“SOL”

Spilling down the wall and onto the floor near the entrance to the gallery, the wooden letterforms of Rubens Gerchman’s Sky Eye Yellow Line NY, 1969, at once announce the conceptual thread of “SOL,” a group exhibition curated by artist Alexandre da Cunha. Painted in a harsh yellow, Gerchman’s sculpture describes daylight without directly naming its source. Both the errant phrase and a rare short film of Gerchman’s—Triunfo Hermético, shot on 16 mm in Rio de Janeiro in 1972—mark the gallery (and the landscape) as a place where language can become a physical material prone to weathering and decay. When the word “sol” finally appears in Triunfo Hermético, it slips between “sal” and “sul” in successive frames, a consonance also sustained by steady surf and the sun dazzling overhead, its reflection glancing through the O.

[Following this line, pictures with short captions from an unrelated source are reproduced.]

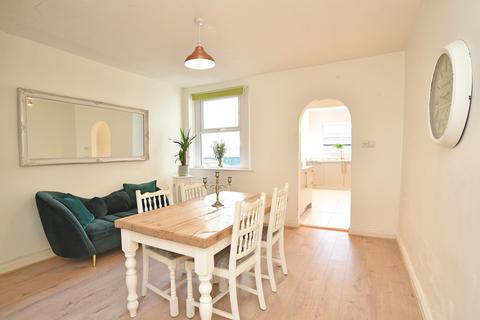67 Albert Road, Harrogate, HG1 4HX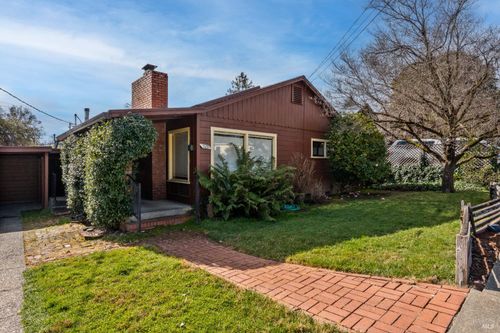 329 Jones St, Ukiah, CA, 95482-5411 | Card Image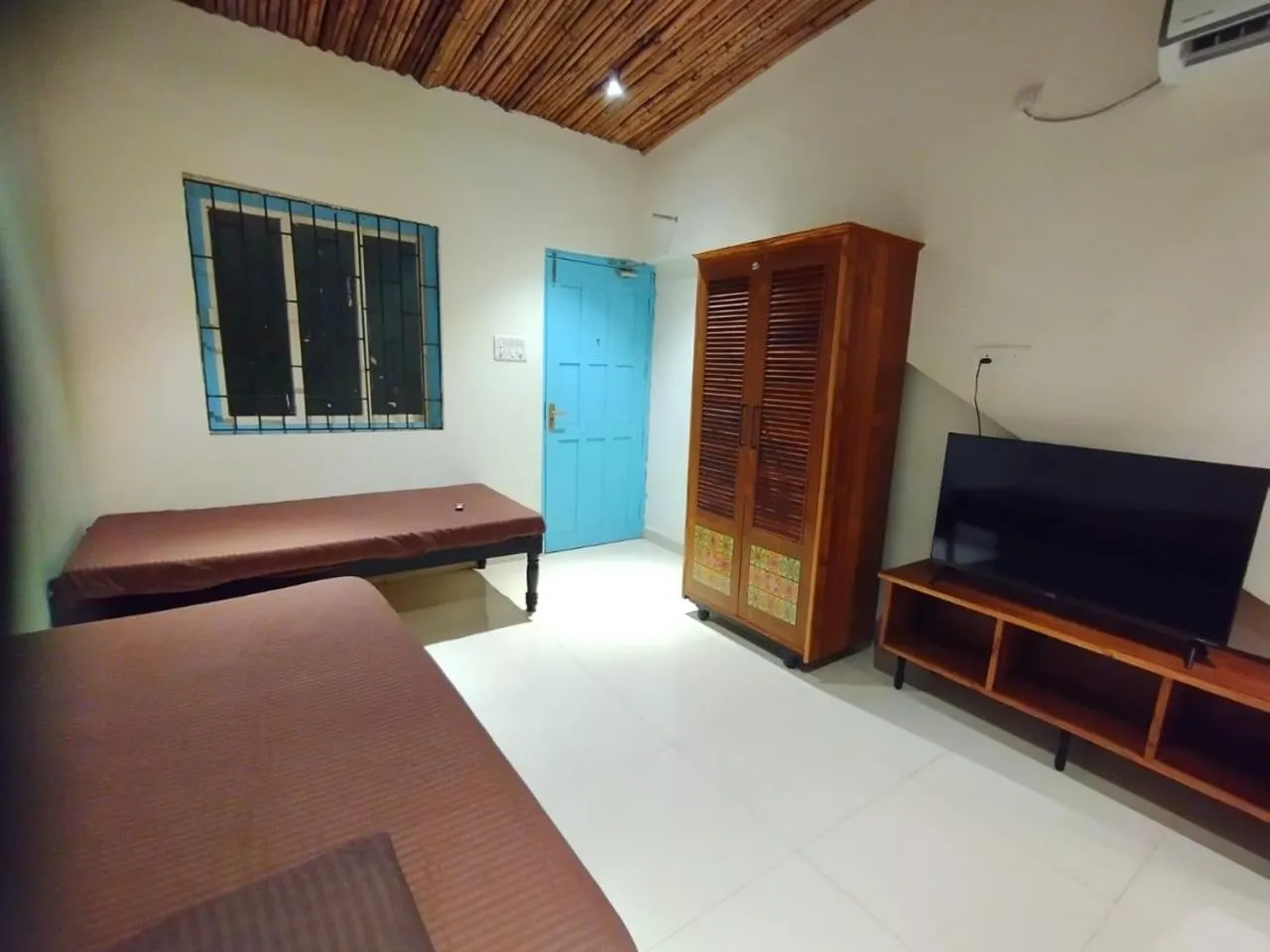 TV and multimedia, Bed in The Baga Village-70 Mtrs From the Baga Beach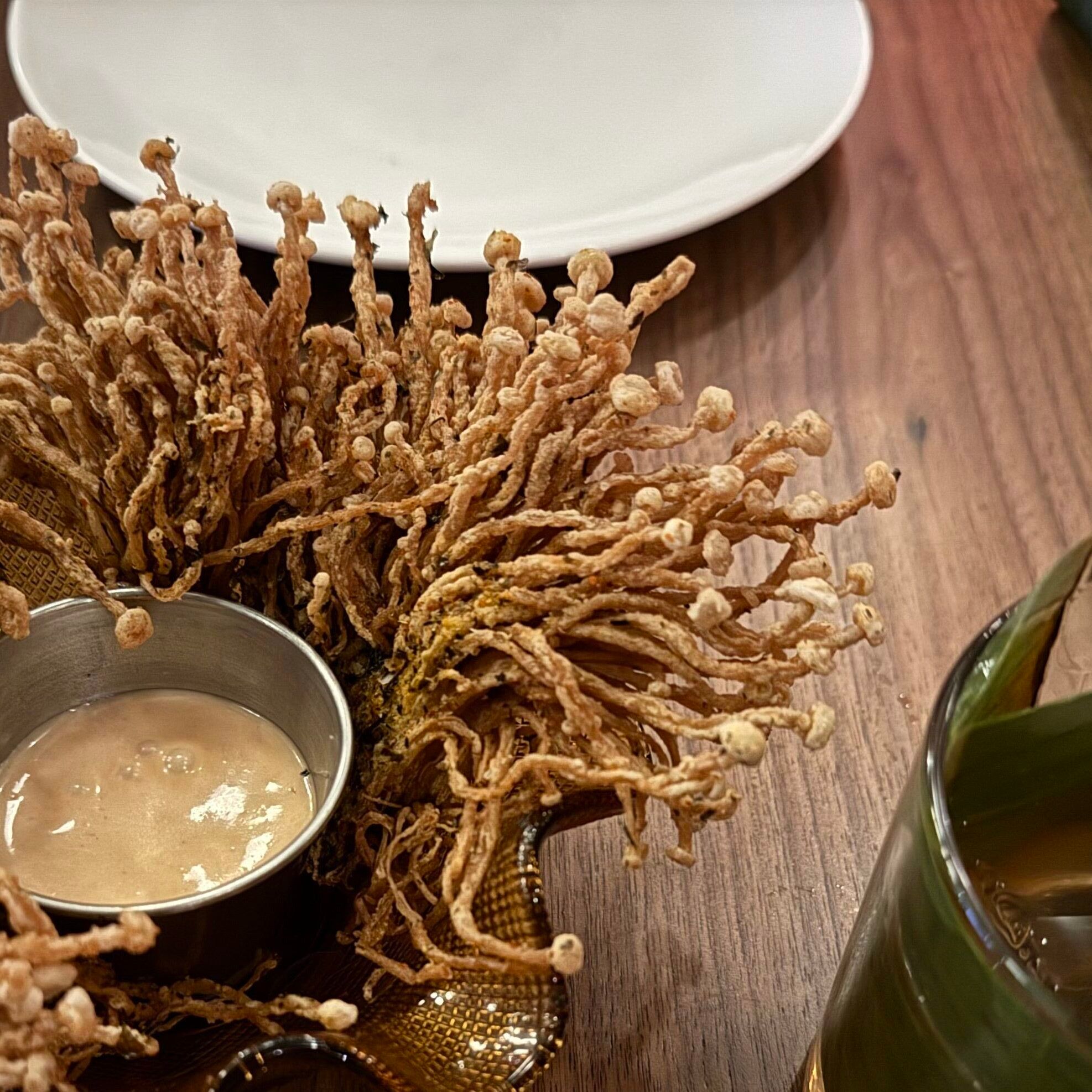 Manong – First Impressions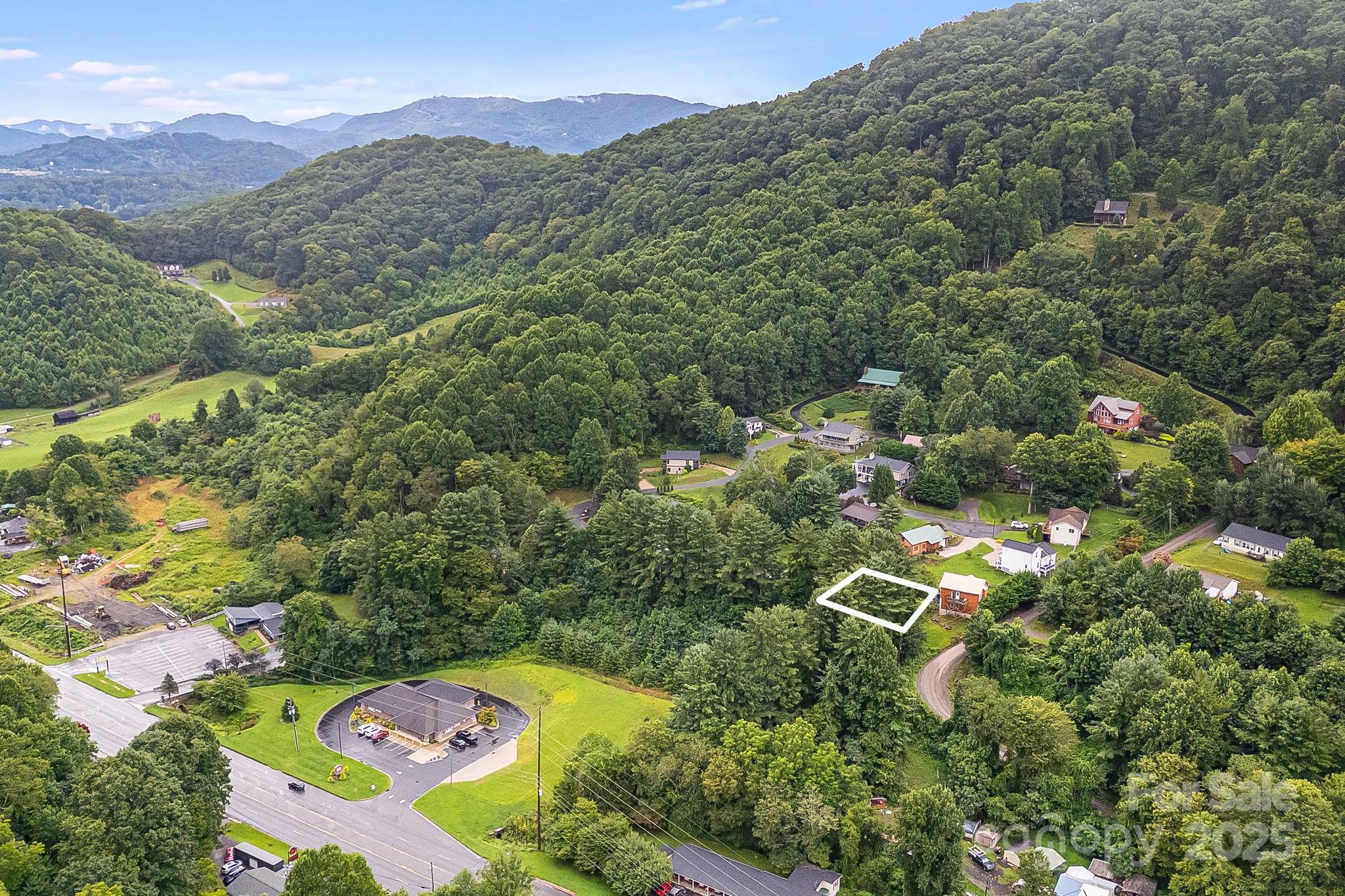 9999 Whippoorwill Way 6 Property Photo 2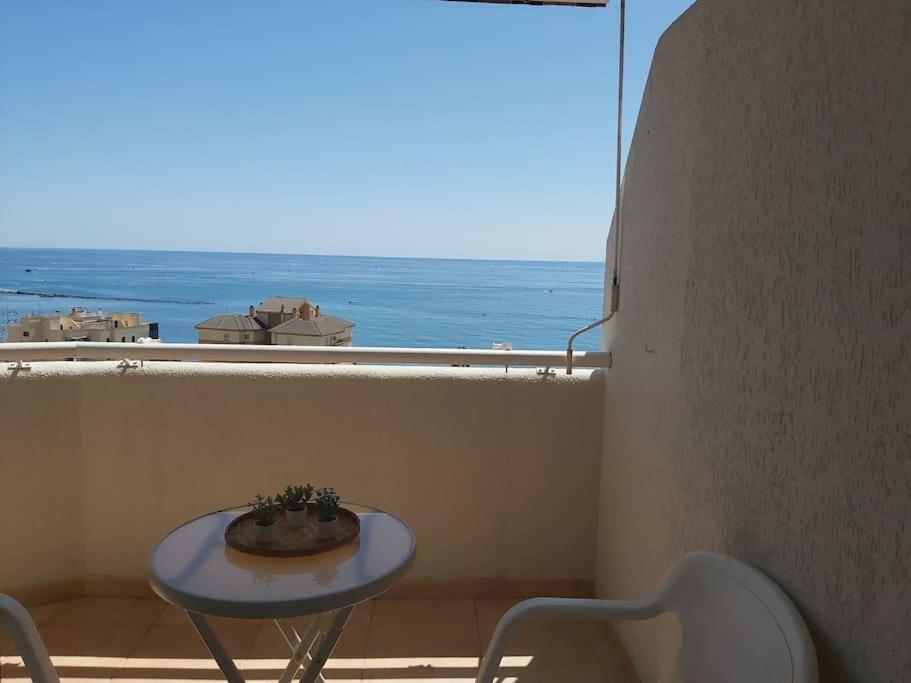 360° Seaview Benalbeach Apartment 贝纳尔马德纳 外观 照片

Elsewhere, da Cunha traces fleeting rays with a 1986 sketch by Martin Kippenberger (a blank form issued by the Brazilian Ministry of Finance, smudged yellow and orange); the concentration of clustered dots in Julio Le Parc’s Alchimie 371, 2017; the warm, semitransparent layers of voile in Leda Catunda’s Sol, 2022; and a gold-haloed cock delicately rendered by Francisco da Silva (Untitled, 1975). Allover finger smears of cadmium yellow in Patricia Leite’s Flores, 1992, are later rounded off and resolved against more pronounced chartreuse geometries in her Paisagem, 2001. An orb in a small work on paper by Mira Schendel (Untitled, 1975) glows buttery beneath silver metallic spray. Vertical bands of pale pastel in two paintings by Sérgio Sister (Untitled and Listas, both 1996) suggest ultraviolet fading.

On the back terrace, Ana Mazzei’s slowly orbiting sculpture Fauno, o entardecer, 2018/2022, is a disco-ready Oberon. Periodically, a light breeze filters through the open window, teasing the edges of four reclaimed brewery parasols stitched together by Zé Tepedino (Avesso III, 2021) and setting them adrift alongside the windswept grasses and loose rhythms of Gerchman’s nearby film, scored by Stanley Clark, Airto Moreira, and Flora Purim. Cultivating a partly cloudy atmosphere at odds with equatorial preconceptions, Da Cunha deploys his organizing principle here with nuance—not everything under the sun warms equally.